The wheels, which were once made of wood, now have rims and tires produced by the single supplier. The first to introduce Wind Tunnel Tyres (WTT) was Bridgestone during Ferrari’s Schumacher era dominance, but Pirelli has since done thorough development work that allowed designing and building “tires” with the same profile as those used in GPs and with increasingly realistic shoulder deformation characteristics.
It may seem incredible, but Pirelli has a small team dedicated to the evolution of WTT, which simultaneously follows changes in 18-inch tire coverings. The only substantially different thing is the compound: in the wind tunnel, none of the five compounds approved for a season are used, but a specific compound is deliberated (usually harder).
Since the wake of the front wheel strongly conditions the aerodynamics of a modern F1 car, teams have paid more attention to the small tire. Each team receives 12 sets per season from Pirelli (those for 2023 must be returned to the supplier by February 28), and they must be sufficient for the entire championship.
It is emerging that all wind tunnels are constantly evolving: the mobile treadmill on which the wheels rest was a metal matrix tape capable of reaching the same speed as the airflow, while a sophisticated suspension mechanism allows the model to simulate all the maneuvers that an F1 car performs on the track: accelerations and braking, yaws, and even drifts.
The metal matrix net has become increasingly fine, but more recently, the treadmill has been covered with a rubber skin.
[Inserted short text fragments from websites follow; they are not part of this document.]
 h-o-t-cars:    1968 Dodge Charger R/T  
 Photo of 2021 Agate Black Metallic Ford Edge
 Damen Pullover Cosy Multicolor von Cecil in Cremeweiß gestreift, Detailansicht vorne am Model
The need was to reduce the friction of the WTT in yaw, also controlling its wear. Therefore, research has driven teams to develop layers of plastic films that can even reproduce the roughness of the asphalt.
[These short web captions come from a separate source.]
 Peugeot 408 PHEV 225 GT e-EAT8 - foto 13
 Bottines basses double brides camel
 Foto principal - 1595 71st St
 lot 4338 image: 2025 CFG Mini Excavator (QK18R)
In the hope of aligning the performance of top teams with that of customer teams, the FIA has imposed strict constraints on wind tunnel research, penalizing wealthier and more competitive teams: the reigning world champion Red Bull can use 605 hours in the first six months, compared to Mercedes’ 720 and Ferrari’s 768. There are no huge differences among the top three in the Constructors’ Championship, while the gap widens as you go down the ranking: Haas, last, can count on 1,108 hours, while AlphaTauri, Red Bull’s junior team, can reach 1,008.
The numbers say and do not say because it is increasingly clear that the quality and efficiency of the investigation matter more than the number of hours granted in the wind tunnel. So, contradictions can arise: is there an advantage in using fresher WTT with fewer hours available like Red Bull, or spreading them in a gradual consumption over the season?
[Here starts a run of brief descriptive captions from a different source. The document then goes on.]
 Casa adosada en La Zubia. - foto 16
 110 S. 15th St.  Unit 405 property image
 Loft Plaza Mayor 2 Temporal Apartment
We are entering increasingly extreme areas of specialization: there are teams that are paying particular attention to tire inflation pressure. We have moved from metal or wooden wheels to studying pressures. And certain research has intensified with the ground effect cars introduced in 2022.
Now, everyone understands how important it is to keep the car’s bottom as close to the asphalt as possible to generate aerodynamic load: teams that still have a wind tunnel with a metal matrix mobile treadmill cannot push too low because if the model were to rub on the floor, it could be destroyed, with serious material damage and in development times. Those who have adapted the treadmill with plastic films could dare to go lower with the bottom.
It emerges, therefore, how the growth of an F1 car is not only related to the ideas of the chief designer but also to the ability to adapt structures and tools with an evolutionary work that never stops. But at this point, a spontaneous question arises: if Red Bull, which uses the same tunnel as AlphaTauri in Milton Keynes (but similarly Ferrari could do it with Haas, or Mercedes – for a short time – with Aston Martin) devoted tire pressure tests to the team led by Laurent Mekies, could the world champion team benefit from the results without spending a minute of its precious tunnel time?
In the intricacies of the budget cap, there are many ways to optimize costs, and this is an example that can explain why the advantage would fall on both teams.